From: Bruno Ducrot <ducrot@poupinou.org>
To: Nebojsa Trpkovic <trxman@gmail.com>
Cc: cpufreq@lists.linux.org.uk
Subject: Re: cpufreq: powernow-k8 frequency transitions question
Date: Wed, 4 Jan 2006 11:45:40 +0100 [thread overview]
Message-ID: <20060104104540.GI13887@poupinou.org> (raw)
In-Reply-To: <43BB29FF.2000401@gmail.com>
On Wed, Jan 04, 2006 at 02:50:55AM +0100, Nebojsa Trpkovic wrote:
> The most usefull powersaving is achieved by lowering the voltage and not
> the further lowering of frequency.
Of course.
> Power consumption (and heat dissipation) rise almost exactly with the
> square of core voltage, so one could save a lot of power by lowering
> voltage even just a little bit.
I think I can understand your point.
> I've found that almost all Athlon64 CPUs can work at a lot lower
> voltage then in AMD specs.
You are right. But I am not sure however if running out-of-spec a
processor will have a consequence for it's whole life time though.

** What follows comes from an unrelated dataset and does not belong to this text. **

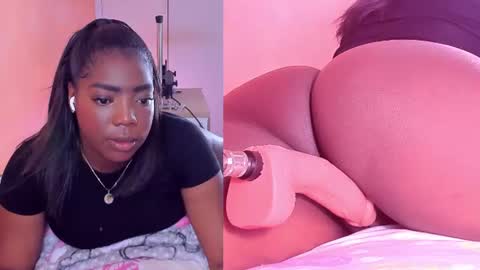 Snapshot of zoeethompson_cm chatting on 07/07/26, 10:52 online show from 07/07/26, 10:52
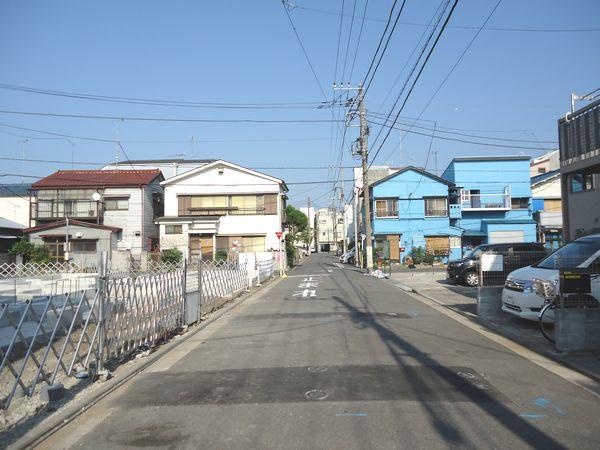 Local photos, including front road. It is the location of some sense of relief facing the 6m public roads (2013 August shooting)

> Newcastle 3000+ p-states: 1.0GHz @1.1V, 1.8GHz @1.4V, 2.0GHz @1.5V
> http://www.aaen.edu.yu/~tnt/newcastle.png
>
> Winchester 3000+ p-states: 1.0GHz @1.1V, 1.8GHz @1.4V
> http://www.aaen.edu.yu/~tnt/winchester.png
>
> So, I've modified powernow-k8.c to lower the voltages read from BIOS for
> every p-state. Although I've made graphs of stable voltages by running
> prime95 for at least 12 hours in every state, I've left 0.1V over the
> minimum stable voltage just to be 110% sure it will work stable:
> Winchester runs with 1.0GHz @1.0V and 1.8GHz @1.275V
>
> Winchester is turned on 24/7 for last 6 months as it serves one LAN and
> one wifi network (DNS, Proxy, firewall, web, teamspeak2, gentoo rsync,
> ftp, 1TB samba...) and it has NO problems at all!
>
> Newcastle was my desktop CPU and now there's Palermo Sempron 2800+.
>
My though was more towards what Gunter Ohrner stated, that is if it's
interresting to add some intermediate low p-state between the already
given one and the first high p-state given the actual status of
the algorithms used (as the on-demand and maybe other I'm working ATM).
>
>
> Gunter Ohrner wrote:
>
> >Bruno Ducrot wrote:
> >
> >
> >>I'm wondering if this would have some more power saving if there are more
> >>low p-states. I should some day look at this more seriously.
> >>
> >>
> >
> >I own a Winchester 3000+ (max. 1,8GHz) which I tried to operate at 800 MHz
> >(instead of 1,0GHz) but it locked hard. It can be forced to intermediate
> >out-of-spec speeds (1,2GHz, 1,4GHz and 1,6GHz, although 1,4 should not be
> >reachable according to AMDs frequency transition spec).
> >
> >Though I'm not sure if there's any win from these unsupported P-states as
> >1,0GHz should suffice for most tasks and for everything else the system can
> >quickly toggle to 1,8 GHz. I currently can't think of any task which would
> >require more processing power than provided by 1,0GHz but less than
> >provided by 1,8GHz over a longer period of time, so that the intermediate
> >P-states would actually be used by the ondemand governor for longer than a
> >fraction of a second... Though it could be interesting for faster CPUs than
> >mine that are decoding HD video or similar.
> >
> >Greetings,
> >
> > Gunter
> >
> >
> >
>
> _______________________________________________
> Cpufreq mailing list
> Cpufreq@lists.linux.org.uk
> http://lists.linux.org.uk/mailman/listinfo/cpufreq
--
Bruno Ducrot
-- Which is worse: ignorance or apathy?
-- Don't know. Don't care.
next prev parent reply other threads:[~2006-01-04 10:45 UTC|newest]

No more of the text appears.